Set down the final stretch of the data, from the line that holds "Okay, this is" through the last line, both included, with pictures left out.

DATA SHOWN ▸
————————
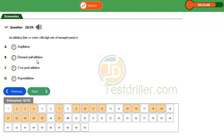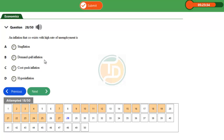Option B is demand-pull inflation. Demand-pull inflation is a type of inflation that occurs as a result of an increase in aggregate demand. The increase in aggregate demand creates excess demand for goods and services, which causes prices to rise.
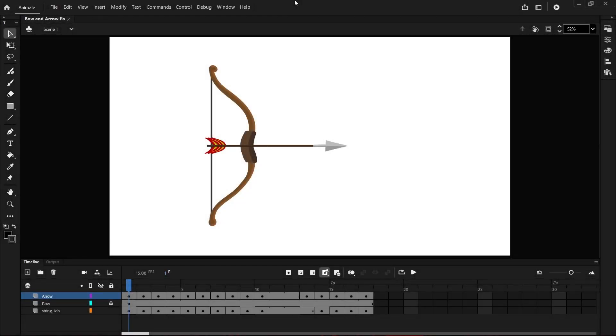Hi guys and welcome to this tutorial where I'm going to demonstrate some animation principles of anticipation as well as follow through and overlapping.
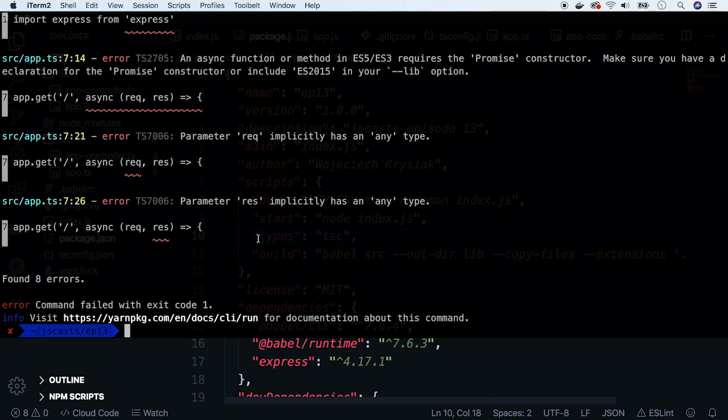Okay, this is everything for now. I've just shown you how you can add Babel to your Node.js project. I hope you liked this episode. If you did, subscribe to the channel and see you next week.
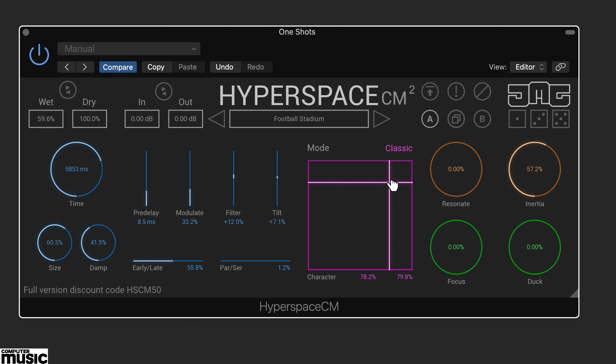It's also worth saying that moving the XY control creates quite smooth changes to the effect, so you could automate its position to add real time changes.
————————
RESPONSE BOX ▸
Okay, this is everything for now. I've just shown you how you can add Babel to your Node.js project. I hope you liked this episode. If you did, subscribe to the channel and see you next week.
It's also worth saying that moving the XY control creates quite smooth changes to the effect, so you could automate its position to add real time changes.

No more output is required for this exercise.